Packages over processes
Languages sport nice abstractions: Type systems, modules, functions, classes, package managers, database integrations, etc. We can catch mistakes easily through the type system, automated tests, local manual testing, and code review. On the other hand, with processes (like APIs), everything happens through interprocess communication. Many mistakes are caught late because we can't surface them until we interact with the other process. Moreover, for proprietary stuff, the API is a black box: We can't see what's going on, and we can't debug it directly. We can simulate what it'll do in our automated tests with fake data, but the data is expensive to maintain and doesn't give us much confidence. We still need to follow up with manual tests against the API before releasing anything significant, and that's before accounting for added setup costs and the overhead of learning new tooling, all of which cost time.
When we use packages, we own the deployment, which means that we don't have to utilize a whole bunch of extra infrastructure and communication layers for some tiny concern, and we don't have to pay for it either.

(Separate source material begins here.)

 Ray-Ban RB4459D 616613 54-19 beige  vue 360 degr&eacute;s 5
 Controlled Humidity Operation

In addition to horrible DX, we have to deal with:
- All of these services mean excess cloud infrastructure that's expensive, mostly idle, and terrible for the environment.

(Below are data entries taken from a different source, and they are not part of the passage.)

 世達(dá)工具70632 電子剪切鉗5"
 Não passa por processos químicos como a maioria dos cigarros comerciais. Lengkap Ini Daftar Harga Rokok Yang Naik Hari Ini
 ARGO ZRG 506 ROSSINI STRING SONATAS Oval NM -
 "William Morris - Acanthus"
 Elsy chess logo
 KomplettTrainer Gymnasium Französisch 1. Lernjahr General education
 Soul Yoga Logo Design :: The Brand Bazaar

- Artificially limited capacity (rate-limiting, space, etc.), which means more work design and scale.
- Our app's failure surface area increases because there are more points of failure (with the upside that someone else maintains it), which is especially painful when we use services for integral functionality.
That's why, given a choice between a package and a third-party service, I'll pick the package pretty much every time unless there's some specific infrastructure on offer that I don't want to maintain myself.
Opinionated problems
So, using packages and monolithic deployments is incredibly effective. But, communities like Node's tend to lean toward unopinionated stacks and can't make enough assumptions to build something like a robust authentication package since it's a full stack concern. In order to implement auth you need to:
- Know what email service provider you're using and how to format your emails.
- Know how to read and persist users safely (no injection vulnerabilities, appropriate hashing, and so on)
- Know about your UI and enforce username format and password length requirements.
- Rate limiting middleware for auth endpoints
- A way to manage blocked users
- Possibly integrate with a 2FA service.
- Integrate with some kind of session store.
- ...
These are problems that require opinions in hand to solve. It's not up to the auth package to decide which database or ESP you want to use. Since the packages aren't getting us far enough, businesses capitalize, and the Node community reaches for services like Firebase, Supabase, or Auth0. Large companies don't like distributing source anyway because they want to gate their code to monetize it; sticking it behind a service is an easy way to do that, and it also solves the problem of needing opinions: Now you get their opinions, but you don't have to think about it because they manage the implementation, which sucks for all of the reasons listed above.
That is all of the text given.